YOUR GOAL =
An exact transcription of each entry below is required, without any pictures.

Data entries:
*** Begin section ***
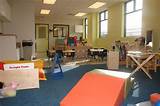Images of Daycare In Brooklyn Park Mn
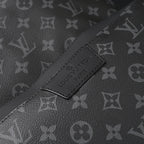 louis-vuitton-christopher-pm-backpack-monogram-eclipse-canvas ohter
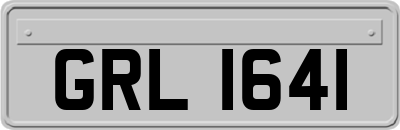 GRL1641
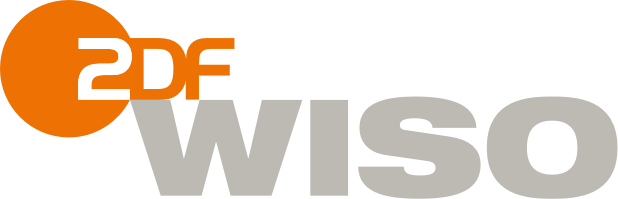 ZDF WISO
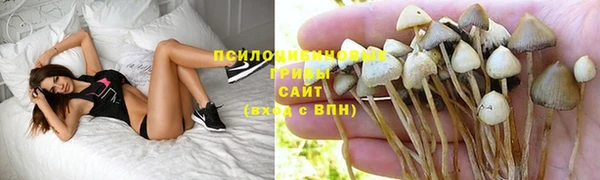 бутират Балабаново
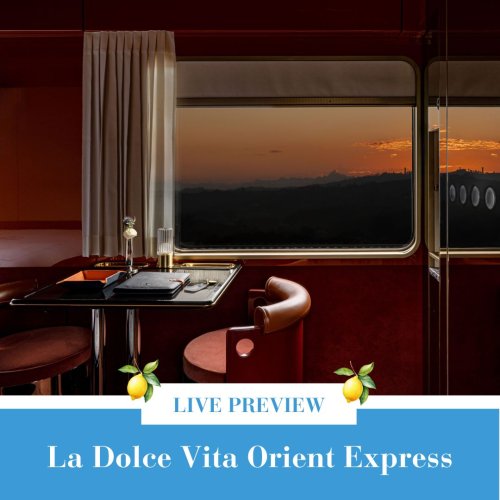 Carousel post from saeslions.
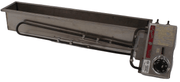 Conversion Kit for SS1200-GII Bakery Wholesalers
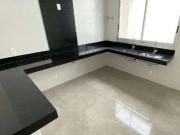 Casa / Sobrado para Venda em Barueri/SP Parque Imperial...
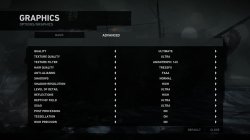 TombRaider 2014-10-28 21-42-43-22.jpg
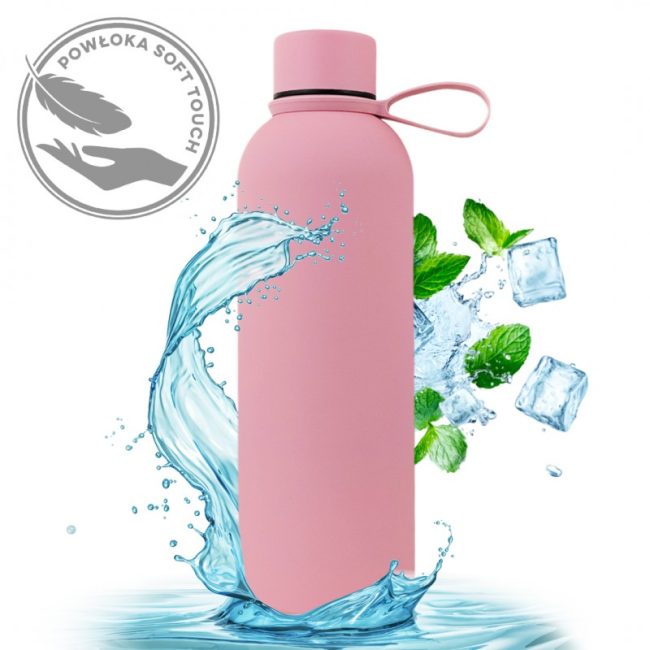 e1bf48a4d575bd25ef7cfe1d9edabb8b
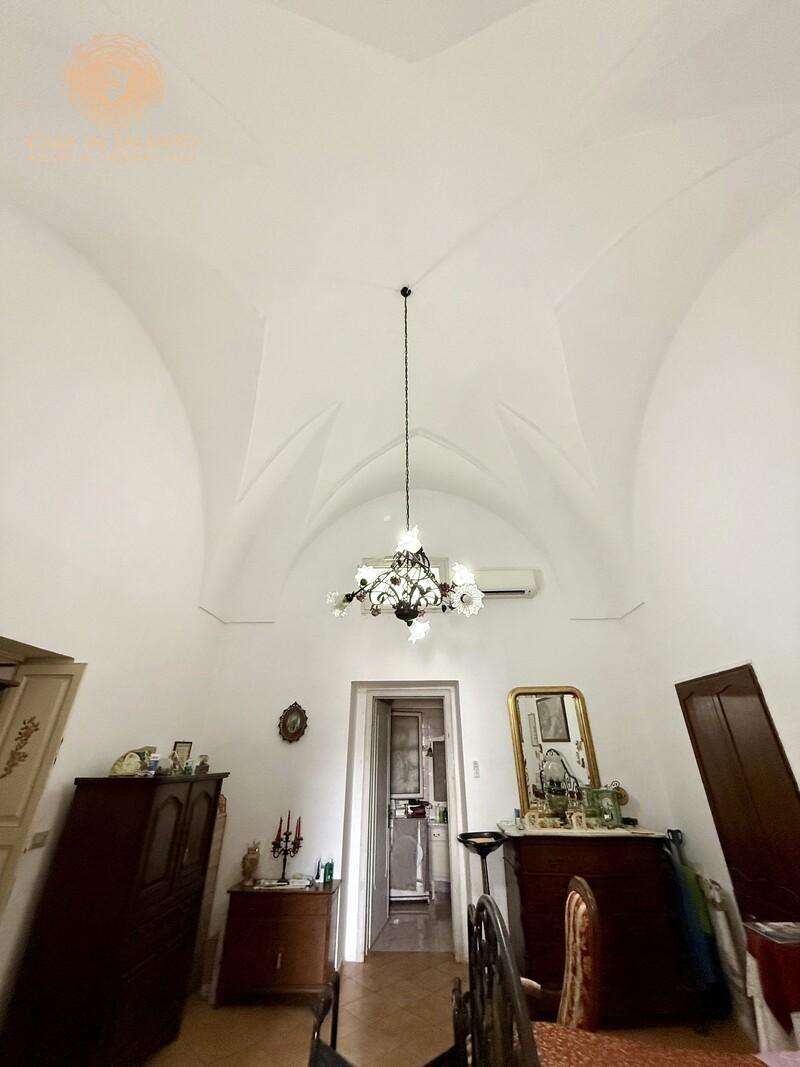  - foto 16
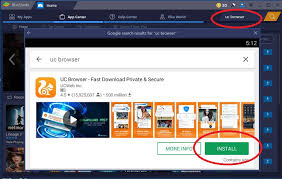 Uc browser 2021 for pc lets you download information about broadband, keeping information to improve your search speed. Apps For Pc Archives Green Hat Expert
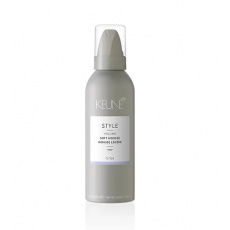 Keune Style Soft Mousse N°44 200 ml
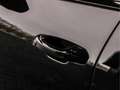 Audi A6 Avant 55 TFSI-e Quattro 367PK Pro Line S Competiti Negro - thumbnail 46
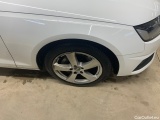  Audi  A4  Avant 40 TDI quattro 2.0 TDI 150KW AT7 E6d #37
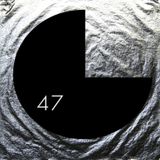 LSR#006 (AG)
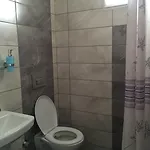 Panzió Tay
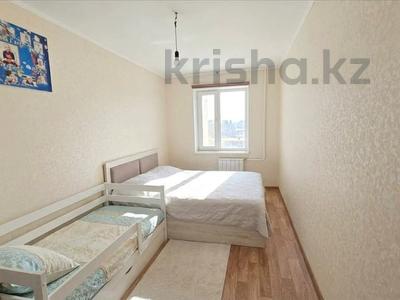 2-комнатная квартира · 45 м² · 3/5 этаж, Бухар Жырау — Ауэзова за 36 млн ₸ в Алматы, Бостандыкский р-н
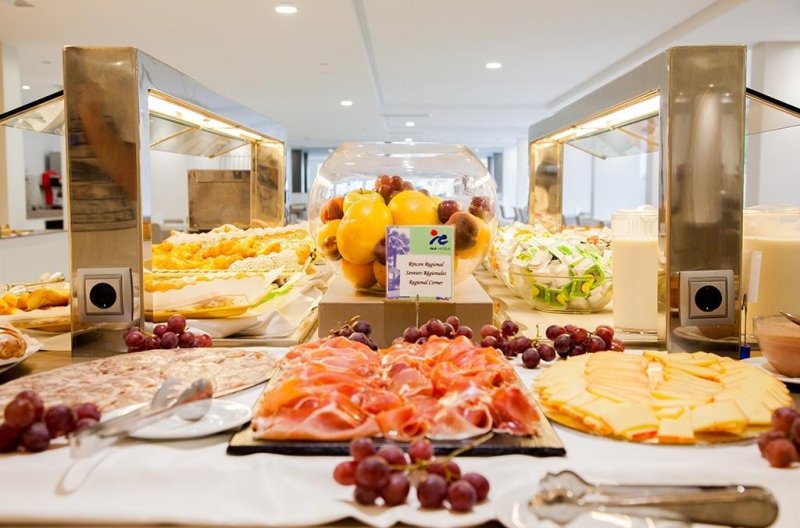 Mallorca utazás Globales Panama 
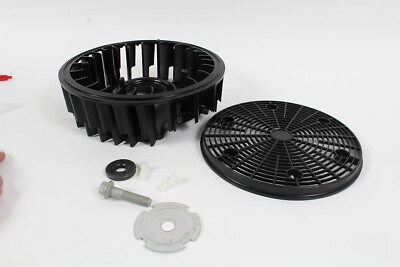 Kohler 32 755 38-S Fan Kit Genuine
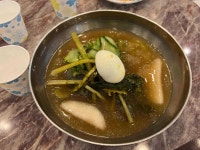배방읍 50대 40대 빅데이터 맛집 검색결과 - 다이닝코드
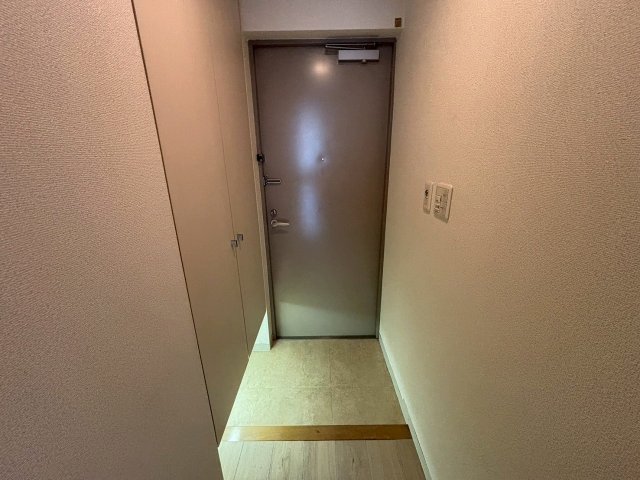 その他写真8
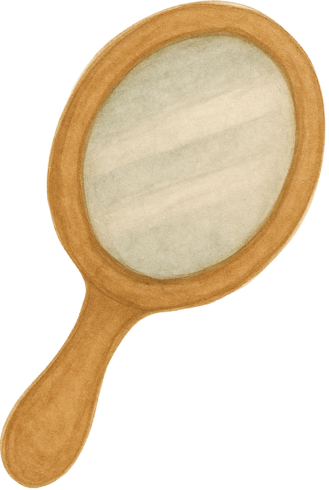 Mirror.png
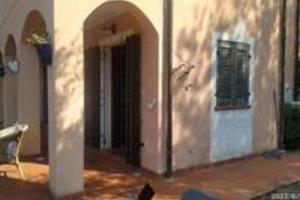 Immobile in asta di 62 m² con 2 locali a Diano San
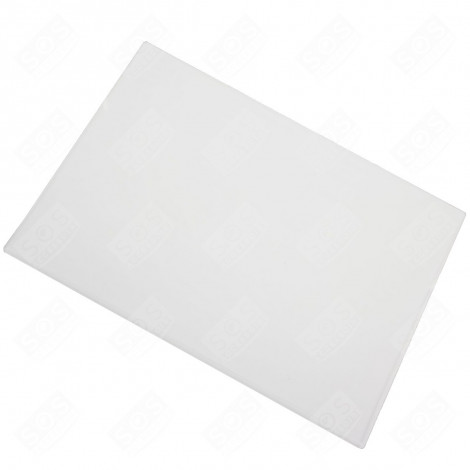 ABLAGE, REGAL KÜHLSCHRANK, GEFRIERSCHRANK - 47014876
*** End section ***
FINAL ANSWER =
Images of Daycare In Brooklyn Park Mn
 louis-vuitton-christopher-pm-backpack-monogram-eclipse-canvas ohter
 GRL1641
 ZDF WISO
 бутират Балабаново
 Carousel post from saeslions.
 Conversion Kit for SS1200-GII Bakery Wholesalers
 Casa / Sobrado para Venda em Barueri/SP Parque Imperial...
 TombRaider 2014-10-28 21-42-43-22.jpg
 e1bf48a4d575bd25ef7cfe1d9edabb8b
  - foto 16
 Uc browser 2021 for pc lets you download information about broadband, keeping information to improve your search speed. Apps For Pc Archives Green Hat Expert
 Keune Style Soft Mousse N°44 200 ml
 Audi A6 Avant 55 TFSI-e Quattro 367PK Pro Line S Competiti Negro - thumbnail 46
  Audi  A4  Avant 40 TDI quattro 2.0 TDI 150KW AT7 E6d #37
 LSR#006 (AG)
 Panzió Tay
 2-комнатная квартира · 45 м² · 3/5 этаж, Бухар Жырау — Ауэзова за 36 млн ₸ в Алматы, Бостандыкский р-н
 Mallorca utazás Globales Panama 
 Kohler 32 755 38-S Fan Kit Genuine
배방읍 50대 40대 빅데이터 맛집 검색결과 - 다이닝코드
 その他写真8
 Mirror.png
 Immobile in asta di 62 m² con 2 locali a Diano San
 ABLAGE, REGAL KÜHLSCHRANK, GEFRIERSCHRANK - 47014876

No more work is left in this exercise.